# pandas vs PostgreSQL

Working on large data science projects usually involves the user accessing, manipulating, and retrieving data on a server. Next, the work flow moves client-side where the user will apply more refined data analysis and processing, typically tasks not possible or too clumsy to be done on the server. SQL (Structured Query Language) is ubiquitous in industry and data scientists will have to use it in their work to access data on the server.

The line between what data manipulation should be done server-side using SQL or on the client-side using a language like Python is not clear. Further, people who are either uncomfortable or dislike using SQL may be tempted to keep server-side manipulation to a minimum and reserve more of those actions on the client-side. With powerful and popular Python libraries for data wrangling and manipulation, the temptation to keep server-side processing to a minimum has increased.

This article will compare the execution time for several typical data manipulation tasks such as join and group by using PostgreSQL and pandas. PostgreSQL, often shortened as Postgres, is an object-relational database management system. It is free and open-source and runs on all major operating systems. Pandas is a Python data manipulation library that offers data structures akin to Excel spreadsheets and SQL tables and functions for manipulating those data structures.

The performance will be measured for both tools for the following actions:

- select columns
- filter rows
- group by and aggregation
- load a large CSV
- join two tables

How these tasks scale as a function of table size will be explored by running the analysis with datasets with ten to ten million rows. These datasets are stored as CSV files and have four columns; the entries of the first two columns are floats, the third are strings, while the last are integers representing a unique id. For joining two tables, a second dataset is used, having two columns, a unique integer id column and a column of floats.

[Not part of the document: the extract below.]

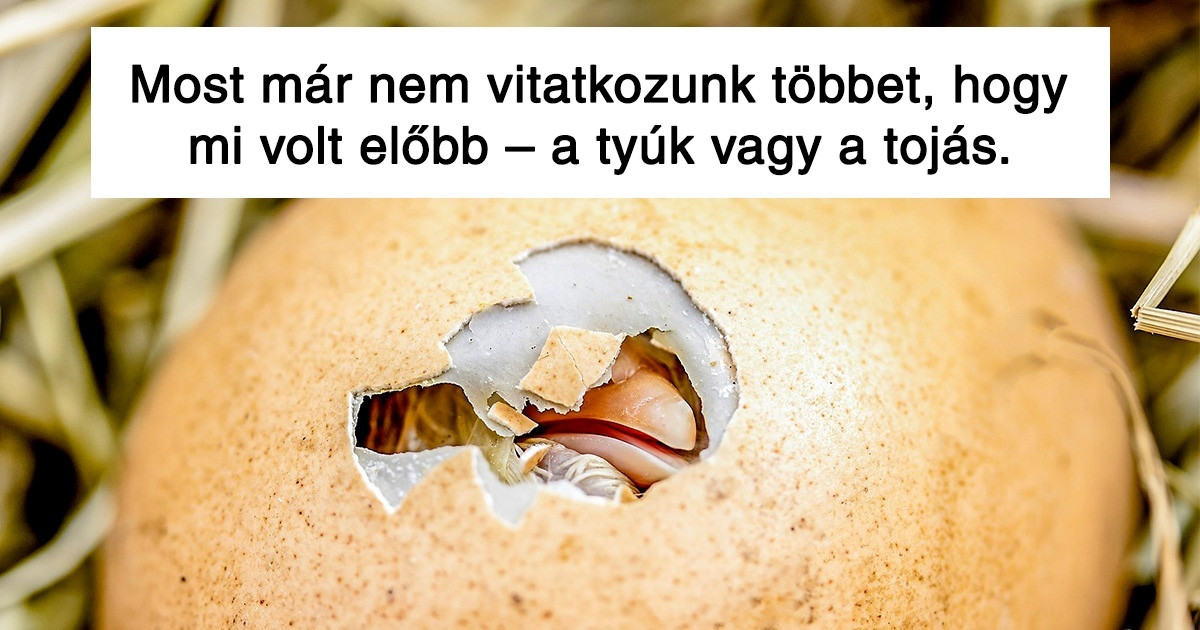 10 kérdés, ami gyerekkorunk óta foglalkoztat bennünket és a tudomány végre képes választ adni rá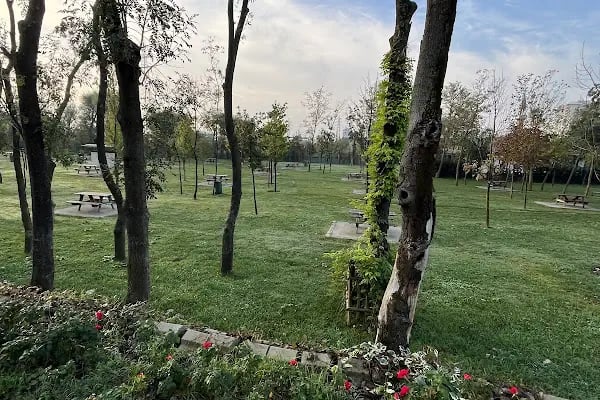 15 Temmuz Millet Bahçesi - Resim 3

For each of the five tasks listed above, the benchmark will run one hundred replicates for each dataset size. The Postgre part of the benchmark was run with Python using psycopg2, a Postgre adapter for Python. Running Postgre directly showed no significant performance difference when using psycopg2, however, psycopg2 allows for easier scripting and better flexibility for running the benchmark. The computer used for this study runs Ubuntu 16.04, with 16 GB of RAM, and an 8 core process at 1.8 GHz. The code used for this benchmark can be found on [GitHub](https://github.com/xofbd/pandas_vs_PostgreSQL). The repository contains all the code to run the benchmark, the results as JSON files, and figures plotting the comparison of the two methods.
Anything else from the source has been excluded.